I glance into the back seat, see the child Josh loves so much. They have such a connection, a bond, a certainty. Right now, she looks sweet, clicking intently on her computer game. And loving. And eight. And what little girl wouldn’t worry about the other woman, essentially a stranger, threatening to take her dad away? How can two be three?
Reaching over, I take Josh’s hand. “I need you to understand, I’m not choosing my job over you two. It’s just-Dorinda. That videotape is a perfect alibi. She should not be spending one more day behind bars.”
Without another backward glance, Josh pulls me toward him, his eyes locked into mine. “We’ll be here for you,” he says, giving me a delicate kiss on the forehead. “Me, and even little Penny. I’m proud of you.”
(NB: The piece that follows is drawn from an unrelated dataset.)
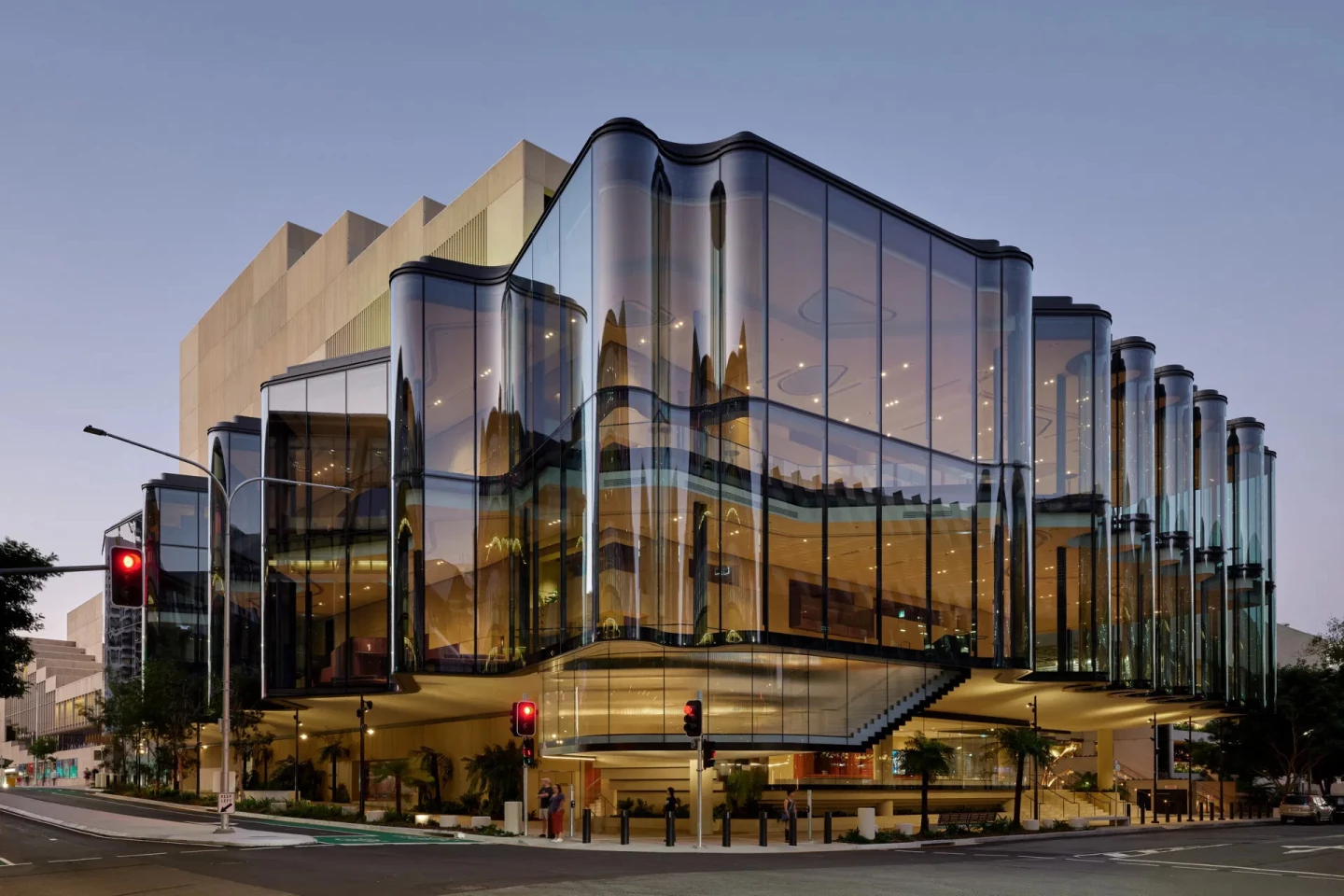The magnificent Glasshouse Theater's wavy facade cantilevers over two street frontages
The complicating combination of a stickshift and an eight-year-old means I can’t melt into his arms. Or slide my hand under his shirt. Or slide his hand under mine. But I trust him. Victoria is completely out of the picture, thousands of miles away, cruising happily with her husband. Penny will come around. And Josh would tell me, I reassure myself, if he was upset. Maybe, maybe it could work.
CHAPTER 6
“Before.” I’m peering into the oversize makeup mirror, illuminated by the unforgiving perimeter of frosted bulbs surrounding it. Maysie, ponytailed as always and hands on hips, is looking at me in the mirror, too. Since she’s the only woman working for Channel 3’s all-sports radio station, she’s claimed this fourth-floor ladies’ room as her private salon, the place where we convene for high-level gossip and general life discussions. Today, it’s face time.
“And after.” I use two fingers on each side of my face to yank up what Mom insists are my worrisomely sagging jowls. “Is it that much better? I mean, don’t I look like a lizard with blond hair and red lipstick?” My voice sounds a little lispy, since pulling on my skin spreads my mouth out of its normal range. I let my face drop back from fantasy-35 into reality-46.
“Well?” I demand, still contemplating the mirror. “Do I need a face-lift?”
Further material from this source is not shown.